“No!”
Her voice in the empty room was a bitter, lonely sound. She sank onto the bed and put her face in her hands. She was just as bad as all the marks her father had told her to keep an eye out for over the years. The ones who were easy to scam because if offered love, or friendship, or a good sob story, they willfully blinded themselves, they chose to trust. “Blind trust makes the world go ’round, kid,” her father would say. “And when it comes around to you, you grab that brass ring. Take what you can.”
Apparently Cary had been given that same advice. And she shouldn’t have been as surprised as she was.
You have to run, Lucky. You can’t just sit here, waiting to be caught.
She stood and went to her suitcase, opened it, dug down, searched until her hand found the zippered pouch: inside it was her cache of fake IDs, a box of hair dye, and a pair of scissors.
The lottery ticket was there, too, the one she had bought the day before, what felt like a lifetime ago. As she held the ticket up, the hope of it bubbled inside her for just a second. What if?
But that was just a dream. Nothing could get her out of this. She tossed it on the floor and went into the bathroom with the dye and scissors, where she began to hack away at her distinctive red curls, forcing her mind to go blank so she could fill it with the information she would need to develop a new identity and start running.
“Bonnie Skinner,” she said to the mirror. The name was from a byline she’d seen in Gambling Insider, one of the magazines that had been fanned across the bar when she and Cary had arrived in their suite the day before. “Bonnie,” she repeated, heading out to the bar to check the masthead. It was printed in Phoenix, which was where she was now from. Bonnie was a freelance writer, here on a thrilling business trip that was a far cry from her ordinary life as a mother of two.
She shoved her shorn curls into a pillowcase and applied the dye to her remaining locks. After she rinsed it, her now-brown hair dried in curls close to her head, like an older woman’s style. Perfect. She moved through the room, throwing clothes in a backpack and gathering other items: bills, change, the lottery ticket she had abandoned on the floor. She put those in her wallet, and searched the room for any more bills and change she could find. She put their passports and her phone into the pillowcase with her cut hair and tied it shut, then grabbed her backpack and headed for the door.
Never look back, her father used to say when they would leave a place behind. But she couldn’t help herself: she turned, she looked. It was a disaster. Dye-stained towels, a broken glass, empty bottles on the floor. She thought of the maid who was going to have to deal with this mess, maybe even lose wages while being interviewed by police. She took a few twentys out of her wallet and left them on top of a pillow. The door slammed behind her, and Lucky was gone.
October 1992
NORTH MAINE WOODS
“Haircut time,” Lucky’s father said, waking her in the middle of the night. He was holding the scissors from their sewing kit, the one that had belonged to his mother, he had told her, with its rattan exterior and the red and white roses woven over the surface.
“What?” Lucky mumbled, turning her face away from him and burying it in the musty-smelling pillow. They were staying in a rooming house, a ramshackle log cabin at the edge of the North Maine Woods.

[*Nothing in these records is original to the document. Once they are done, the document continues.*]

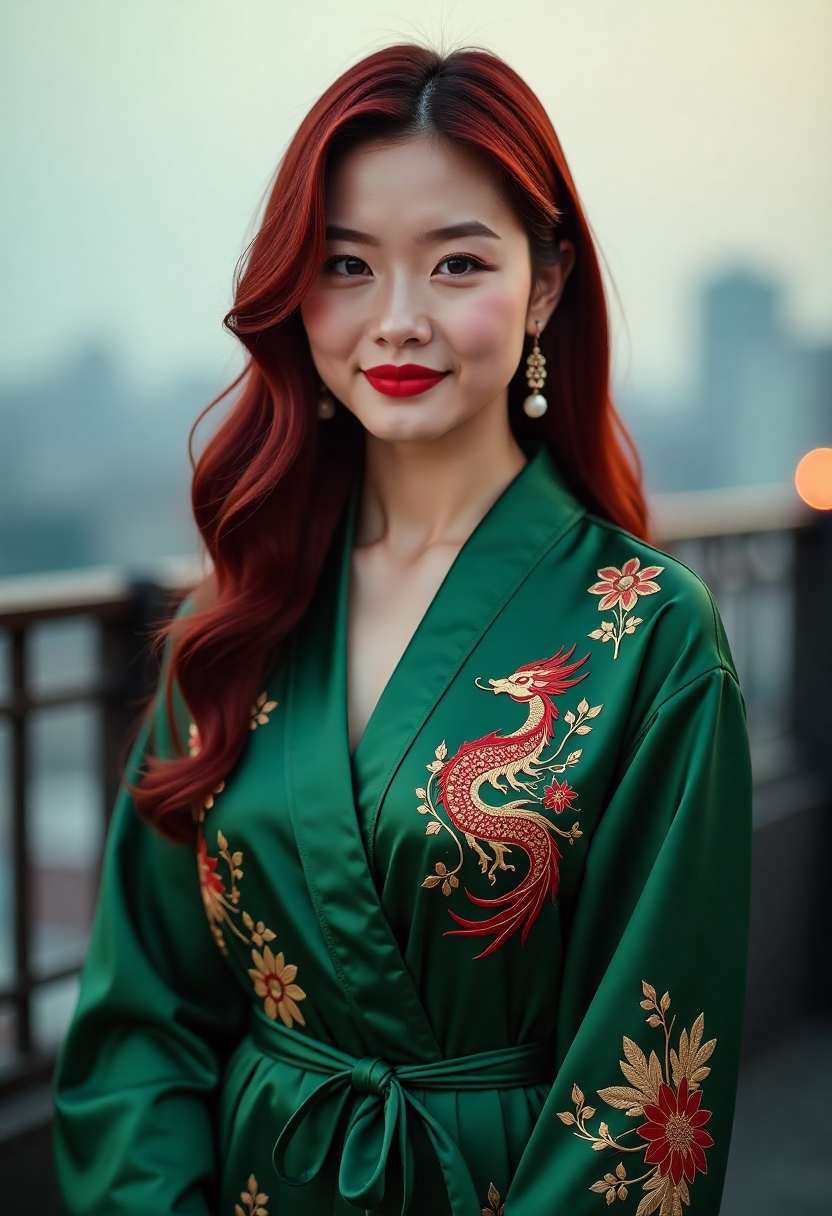 河灯记海报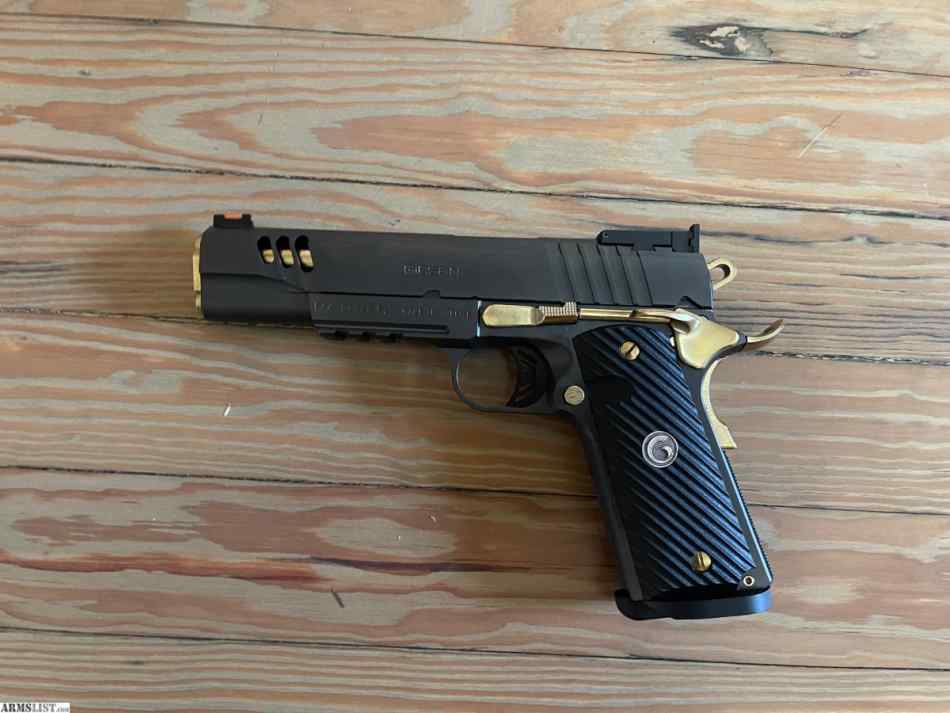 Girsan Negotiator 10mm Titanium/Gold
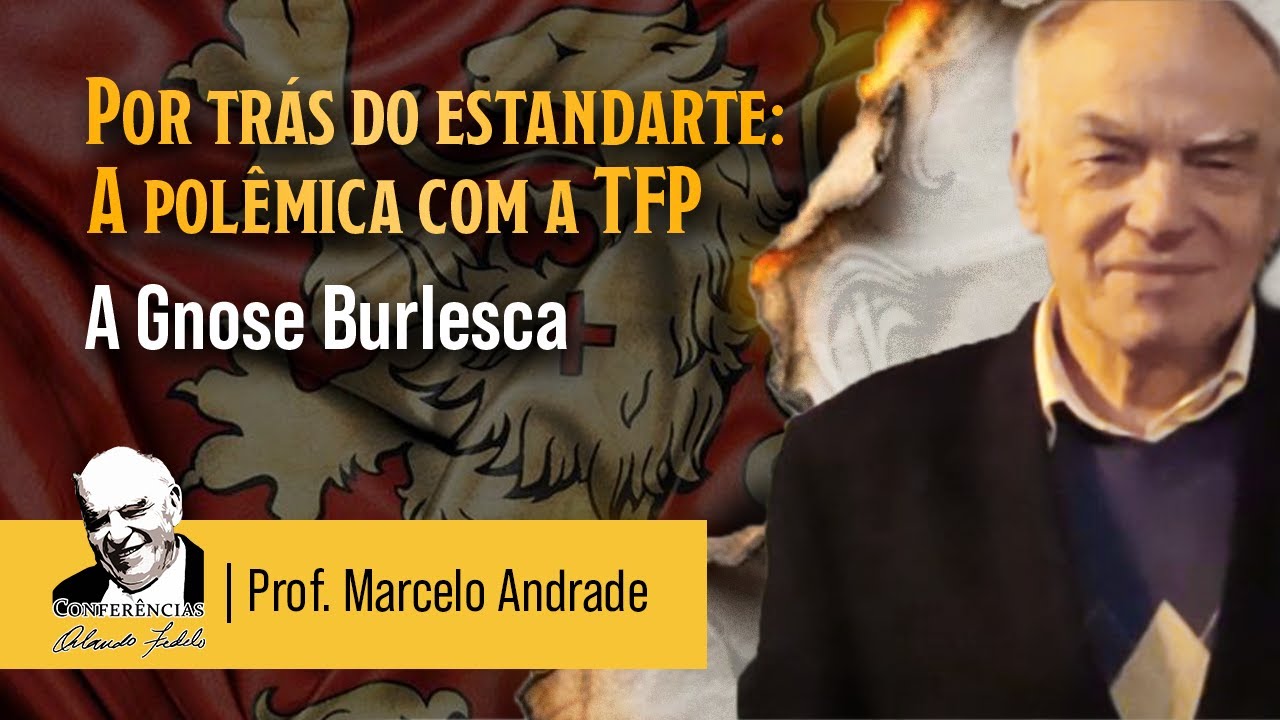A Gnose burlesca de PCO - prof. Marcelo Andrade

“You’ve got to cut your hair off,” he said matter-of-factly. “And then we have to get out of here. Come on.” She sat up and faced him. She could smell whiskey and cigar smoke on him. Her heart plummeted.
“Why? I thought we were staying here for a while.”
“Yeah, well, we can’t. I faked a wire transfer to pay for this place and I have a feeling the jig is about to be up. And also… I played a game of blackjack tonight with the wrong people.”
“Dad.”
His hangdog expression was so familiar. “Lost the rest of the money, and then some,” he said, as if she didn’t already know that. “We have to leave before they come looking for what I owe.”
“I told you not to—”
“And I told you there was no other choice. I had to try to earn back some of what we lost after we were robbed. But I failed.”
This was the unfortunate reality for people like them: You had to carry cash, you couldn’t have a bank account; and when you traveled with cash, you had to decide whether to carry it all with you or leave it in your room. Sometimes you trusted the wrong person, or sometimes, someone figured you out and the next thing you knew, your money was gone. Or sometimes, it was just a fluke. They’d been robbed before, but never this much. Mostly because they’d never had this much.
“I don’t want to cut my hair. I just want to sleep!”
“Please don’t give me a hard time about this,” he said. “I’m just as upset as you are.”
She squeezed her eyes shut. “No, you aren’t. No one is asking you to cut off your hair.”
“It’s just hair.”
A mother would understand that it was not just hair. A mother would understand that Lucky was getting to the age where she looked at herself a little longer in the mirror, where she saw the styles the other girls were putting their hair into and tried to do the same.
“Come on. You’re a little young still for preteen histrionics.”
She tossed the covers to the floor and glared at him. “Am I? Because you always tell me I’m basically a grown-up! Seems to me I should be able to act however the hell I want!”
He sighed and looked at her sadly, and this just made her angrier. “We simply have no choice. We have to go back in.”